Monday, September 8, 2014

"Come Back with a Warrant."

Recently, in recognition of my routine contribution, the Electronic Frontier Foundation (EFF) sent me a little sheet of stickers highlighting their areas of interest and action.  Since advocacy of the Fourth Amendment to the US Constitution is one of my pursuits, I particularly liked the one that said "Come Back with a Warrant."  I inferred that, as good custodians of the private information of others, when asked for that information by government, our default response should be "Come back with a warrant."
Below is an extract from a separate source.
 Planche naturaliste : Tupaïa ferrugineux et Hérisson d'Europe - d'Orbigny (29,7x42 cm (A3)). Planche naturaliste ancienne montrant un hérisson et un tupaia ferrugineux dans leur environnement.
As one who has had occasion to draft rules and regulations, if not law, I have always stood in awe of those who crafted our Constituion.  It is a model of brevity, clarity, and balance.  While tortured by events and progress, it has served us well.  Not only is the Fourth Amendment not an exception to this observation, it is an example of it.  Having recently thrown off the yolk of tyranny, the Authors were exquisitely sensitive to the potential for abuse of the power of the state.  In the Fourth Amendment the Authors sought to place a limit on the magisterial police powers of their awesome creature.

They stipulated that the people have a right to be secure in their "persons, houses, papers, and effects" from "searches and seizures."  In consideration of police necessity, the Authors qualified the searches and seizures that they were addressing as "unreasonable," leaving open the possibility of reasonable ones, and to specifically include those where the state had a "warrant" of a specific character.
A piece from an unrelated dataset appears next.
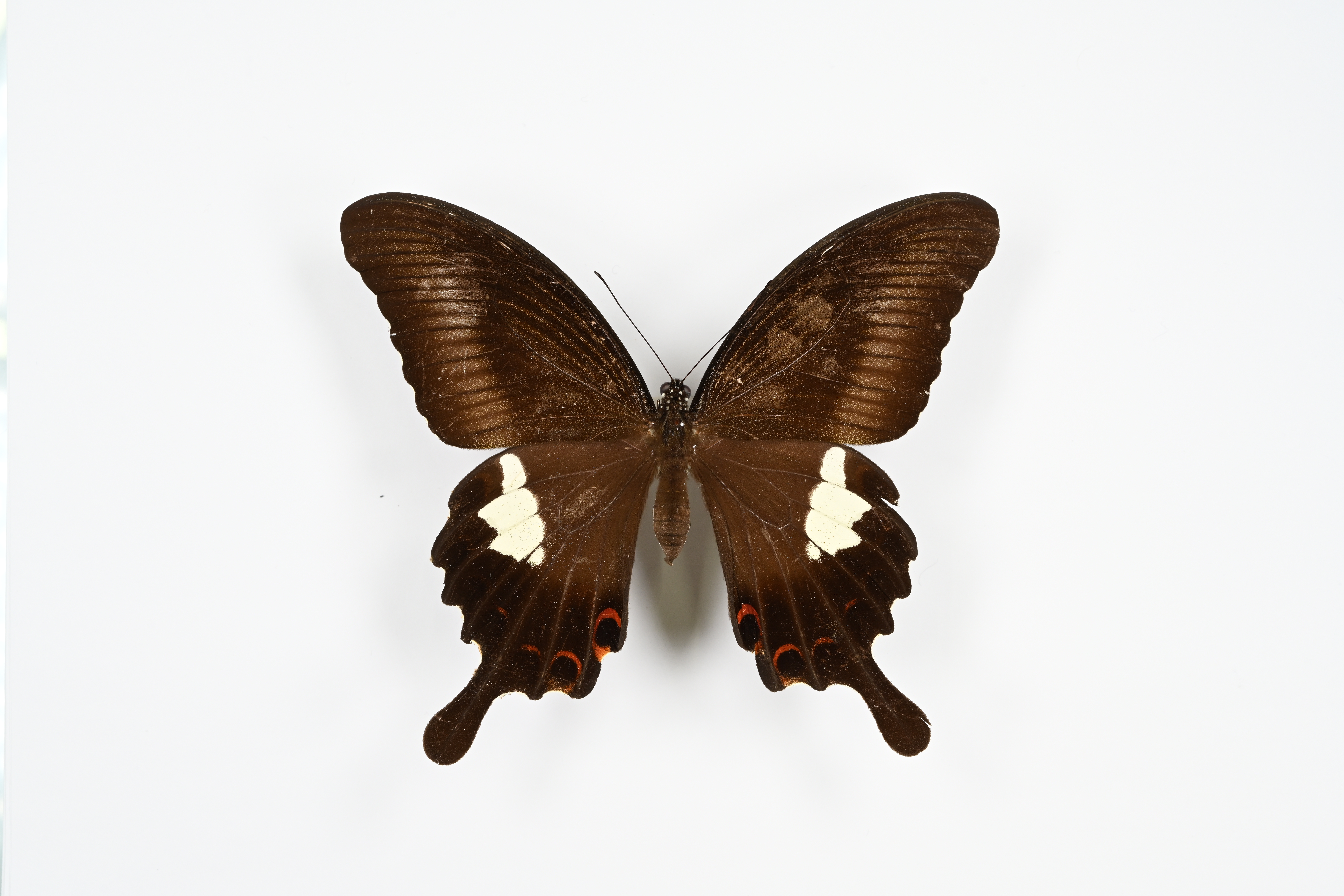 画像：モンキアゲハ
In recent times, in response to threats real and imagined, the state, congress, courts, and executive, have dramatically limited the right of the people to be secure in "persons, houses, papers, and effects."  Congress has passed laws, such as the USA Patriot Act, granting massive exceptions to the requirements for warrants in the name of "counter-terrorism."  Secret courts have permitted seizures so massive as to defy the wildest definitions of reasonable.  The Executive has engaged in secret programs of "warrantless surveillance" and officially lied to the American people about their existence.  They have systematically parsed every word in the Amendment, specifically including "unreasonable," "seizure," "papers," and even "their" so as to eviscerate the protection that the Amendment was intended to afford.

For example, It is hard to imagine a definition of seizure that does not include "taking from another under force of law."  However, for their own convenience this administration, Departments of Defense and Justice, secretly agreed among themselves to a definition that such an act did not constitute seizure as long as one promised not to look at what one had "taken."  Having gotten a secret court to agree to this definition, the act was now not only "legal" but also, at least by this arguable definition, constitutional.  Such "weasel wording" might be laughable in another context.
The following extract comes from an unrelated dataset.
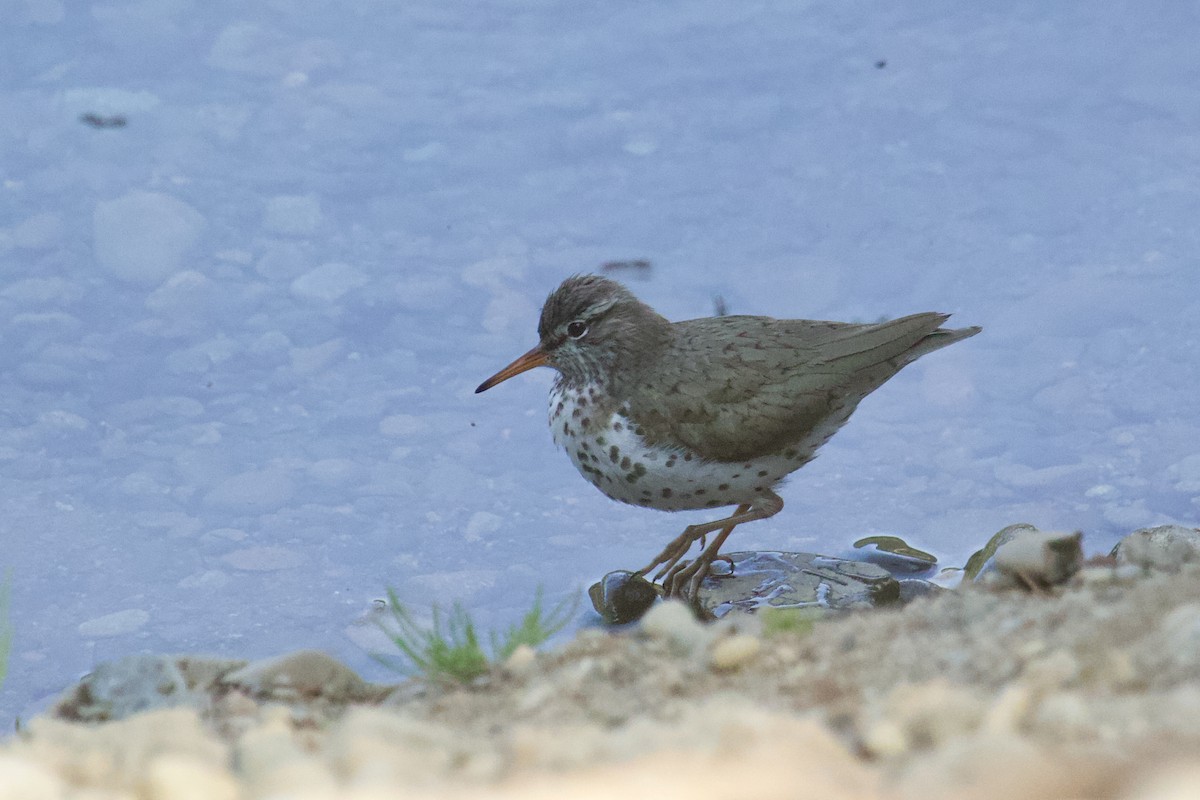 flekksnipe - ML637710474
So, where should we take our stand?  I propose that we stand with the EFF, that we adopt enterprise policy that, at least by default, we expect a warrant.  We should not wait until we are served with a National Security Letter, which may even say that we may not consult counsel, but we should proactively adopt and direct counsel to implement a policy that we expect a warrant and will resist deficient orders.

I am willing to grant the government access to almost anything for which they have a warrant.  Some even say I have given up.  However, even a capricious warrant offers us fundamental protections.  First, unlike some other orders, it is never unilateral.  Two people, usually with different motives, must cooperate before there can be a warrant.  An investigator must at least have the consent of a magistrate.

Second, a warrant requires probable cause, not merely "articulable suspicion."  It requires that an investigator not only present the court with "probable cause" but do so under oath, subject to penalties for perjury.  The investigator may not simply make an assertion.

Finally, while it may be broad, a warrant must be limited in its scope.  The Amendment requires specify the "place to be searched, and the persons or things to be seized."  As the custodians of the personal data of others, we should at least assert that the warrant should specify the data to be searched, the arguments to be used and the functions that are responsive.  We should be prepared to challenge warrants that we believe to be overly broad but even if we fail, the specifications will be a matter of record.

The Authors of the Amendment gave state the, admittedly carefully limited, warrant as an exception to the right of the people to be secure from searches and seizures.  Even those who do not agree with me that they should be required, have to concede that they are just not that hard to get. Let's expect them to bring one.